Words by Anthony Sawrey, with permission of The Local
Research by Clunes Museum
On November 27, 2021 a plaque was unveiled at Collins Place, Clunes, honouring the memory of Francis Joseph Collins, Shire Councillor, inaugural Clunes Tourist Development Association president and prominent local businessman in the decades after WW11.
One of four children, he was born at Ballarat in 1913 and grew up a big man with a shock of red hair, nicknamed Meggsie after the Ginger Meggs comic. A keen sportsman, Frank, as he was known, played in the Ballarat Football League for Golden Point Football Club (also known as the Rice Eaters) and by 1939 was the club president.
Clunes native and well known Geelong Cats player Bob Davis mentions him in Woofa, the book on his playing career: “One of the most influential ‘Rice Eaters’ was Frank ‘Meggsie’ Collins, a local footballer who taught all the kids special football and training skills.

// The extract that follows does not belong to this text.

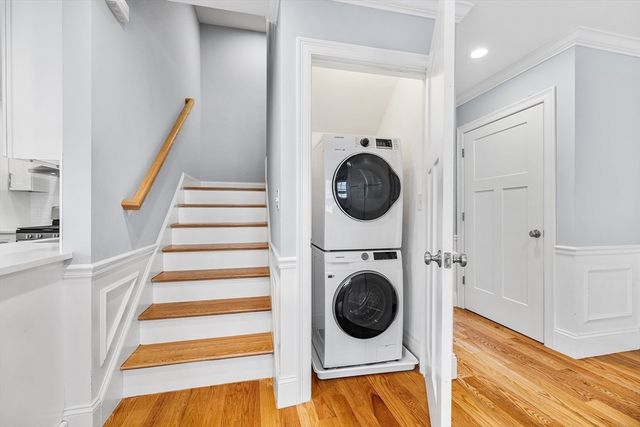 10 Edith St 10, Arlington, MA 02474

And when I was coach of Geelong, I adopted many of his techniques.”
At the end of the 1930’s Frank decided to move to Sydney. Unable to take part in military service due to poor eyesight, he qualified as a chemical engineer and remained in NSW until 1949 when he returned to Victoria to take over running the National Hotel in Clunes.

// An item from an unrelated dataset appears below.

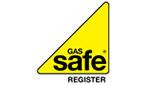 Gas Safe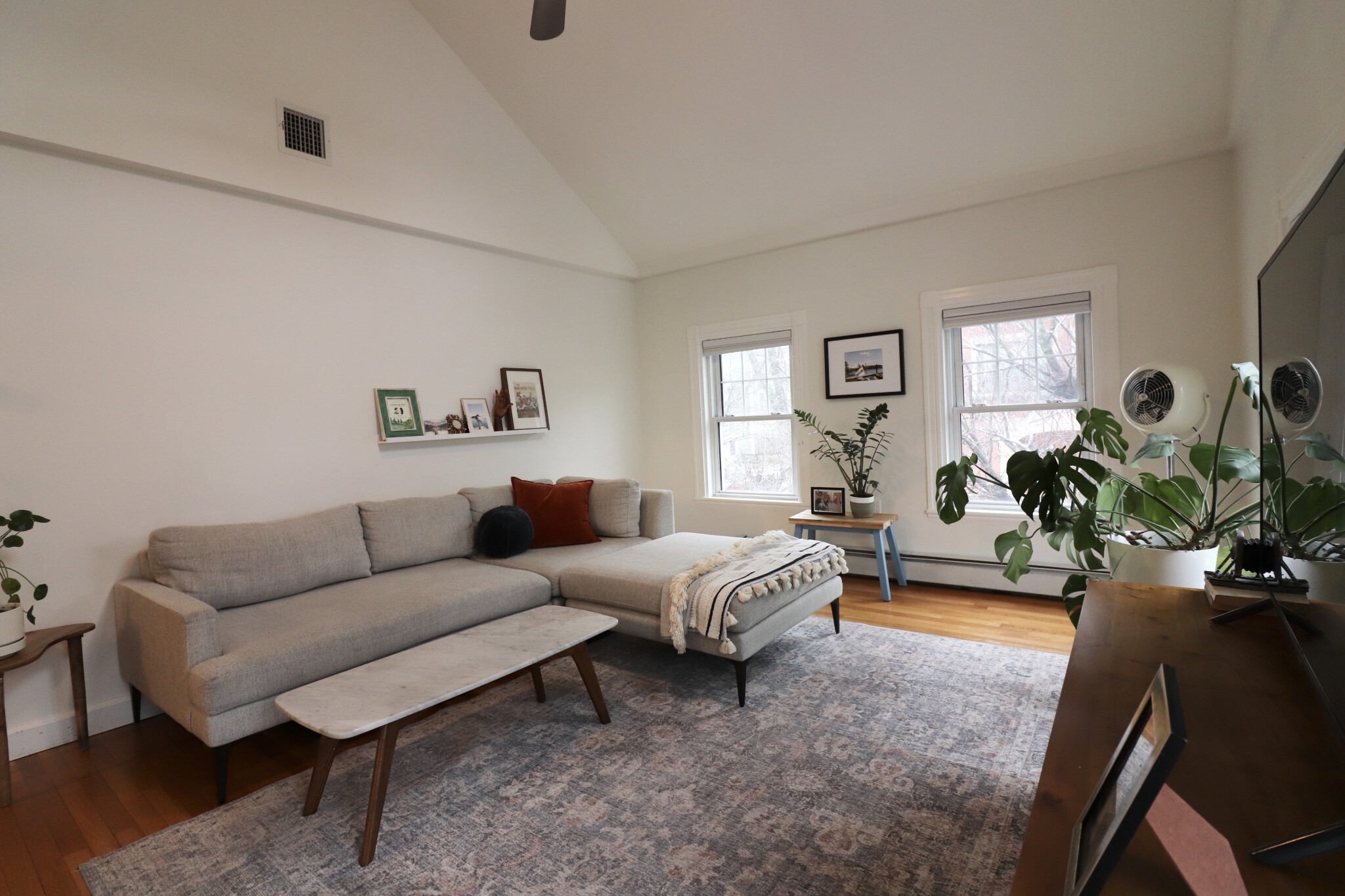 18 Seaverns Ave, Jamaica Plain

“I came here and thought I would stay a few years, that was in 1949,” he said in an interview in 1986.
In the same year he purchased the Swan Freezing Company which sat on the site known today as Collins Place. Formerly serving as a Salvation Army hall, knitting mill and Clunes Auction Market, the large weatherboard shed was converted a freezing works and commenced operations in 1948, purchasing rabbits from local trappers as well as supplying ice to businesses and homes.
Today most people tend to think of ‘rabbiting’ as something the rural poor did as a desperate measure to keep food on the table during hard times. But nothing could be further from the truth.
The reality was Australians were estimated to have consumed 27 million rabbits a year during the 1940s alone. Around places like Clunes where the creatures were in plague proportions, trappers could earn over 20 pounds a week when the average wage in 1950 was six pounds per week. Frank continued in the rabbit buying and ice making business until the 1960s, but as chicken gradually replaces rabbit on household tables, he decided to close the factory in 1969.
But the rabbit freezing business was only a small aspect of this man’s contribution to the local community. He was involved in the setting up of the Clunes Swimming Pool, and was a member of both the cricket club and the Clues Magpies Football Club. He coached there from 1949 to 50 and was also President twice in 58-61 and 66-69, a period when the team was very strong, making the Clunes Football League grand final 13 times for five premierships.
His daughter Cathryn, one of five children, also recalls that Frank was known as Father O’Collins for the popular barrel he used to run on Sunday mornings to raise money for the Clunes footy and cricket clubs.
In 1967 he joined the newly formed Shire Council of Talbot and Clunes, serving until 1985. A tireless advocate for the advancement of Clunes, he was also instrumental in forming the Clunes Tourist Development Association and was its first President.
But Collins Place, with its rose garden and lawns, is arguably Frank’s most significant contribution to the fabric of his beloved Clunes. The old freezing works were demolished in the 1970s with the site being given over to hockey and basketball for many years. But upon Frank’s retirement in 1985 he donated the land for the creation of today’s park which was completed in time to commemorate the Australian bi-centennial in 1988.